2. For companies whose stock has traded for less than a year, the highs and lows during their trading period are shown.
3. All listings were either supplied by the companies or taken from their respective stock exchanges and companies by Chip Scale Review.
All prices were converted to U.S. dollars.
4. The Taiwan Exchange uses numbers, instead of symbols, for listed companies.

To date, Amkor Technology Inc., which began as the sales and marketing arm of Anam Industrial Co., Seoul, has been by far the most successful entrant into the public markets among the IC assembly community. It is also the largest IC assembler and test provider, with annual revenues approaching $2 billion.

Amkor, whose corporate headquarters are in West Chester, Pennsylvania, but which operates from Chandler, Arizona, boasts no fewer than eleven stock analysts, including Bank of America Securities and Robertson Stephens, who follow the company. In May, nine of these eleven stock analysts rated Amkor a "strong buy," and the other two labeled it a "buy."

Since its listing on the NASDAQ [AMKR], the company has traded as high as $65.31 a share and as low as $7.09.

Standard & Poors, one of the companies tracking Amkor, expects earnings per share to increase to $1.63/share from an estimated $1.19/share this year. S&P expects revenues to grow "more than 25% in 2000, reflecting strong semiconductor unit demand and a more stable pricing environment."

Powerful Trends

Amkor will continue to benefit from two powerful trends, S&P adds: "Strong secular semiconductor market growth and booming demand for outsourcing services. With each of these trends still in the early stages, we believe AMKR will be in a strong growth mode at least for the next two years. At a recent level of 29X, our 2001 EPS estimate, the shares were trading at a sharp discount."

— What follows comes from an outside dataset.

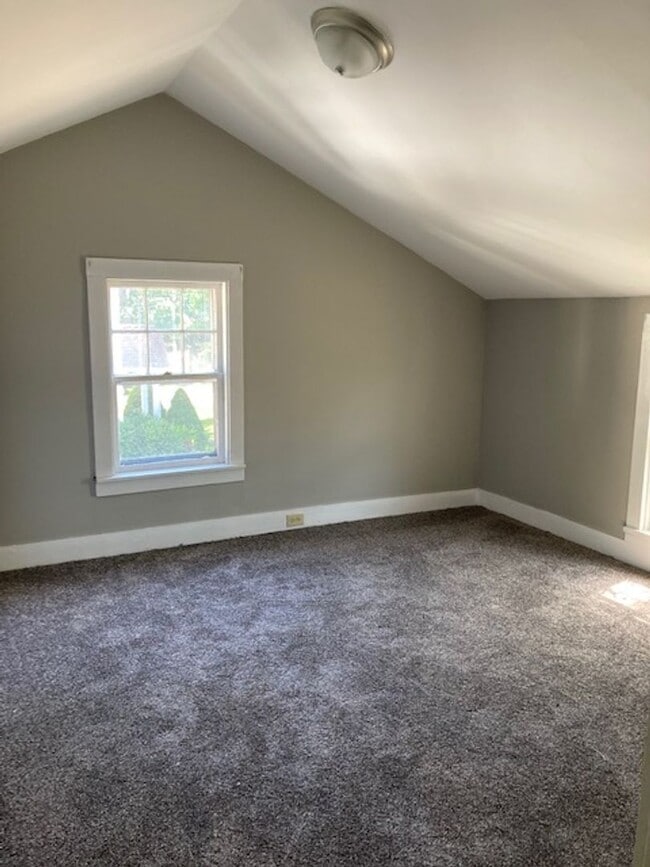 Building Photo - 809 Center St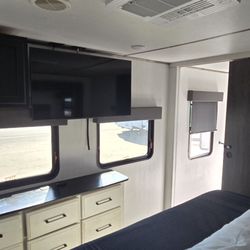 2022 Heartland RVs Bighorn Traveler Series M-37RD Specs… 40 Ft Long !!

With Amkor's success, others are likely to follow. There have been strong rumbles, since it became independent, that ChipPAC plans to go public. Many observers now believe ChipPAC, Hyundai's former assembly and test division, will go public as soon as the market again becomes friendly to the high-tech sector.

Recently, PSI Technologies, based in the Philippines, and Singapore-based STATS, two of Amkor's smaller competitors, joined the NASDAQ. Both are traded with ADRs on the NASDAQ, while STATS is also listed on the Singapore Exchange.

Gaining Respect

Will either garner the respect that Wall Street has accorded Amkor? Since both are newcomers with less than six months as public companies, it's too early to tell. However, one major stock analyst has rated PSI [PSIT] a "strong buy," and two others rate it a "buy." Two Wall Street analysts feel STATS is a "buy" now and one disagrees, saying "buy/hold."

In Europe, CS2, a barely four-year-old IC assembler, was admitted to listing on the EASDAQ in Belgium, CS2's home, in February. The initial price per share was 14 euros (about $13US).

The IPO was oversubscribed by a factor of 34X. "The huge interest shown by both institutional and private investors confirms that the market has every confidence in CS2's growth strategy," says Steve Lerner, president and founder. Lerner is a former Amkor and Swire executive.

The Choice of Public or Private

The public markets are not for every IC assembler. Pantronix in Fremont, Calif., has done quite well, thank you, by remaining a privately owned company during its 26 year lifetime.

Does Pantronix have any plans to go public? "We have no need to go public. I'm not saying we would never become a public company," says Stanley Wang, Pantronix founder, chairman and president, "but at this time we have no need for outside capital."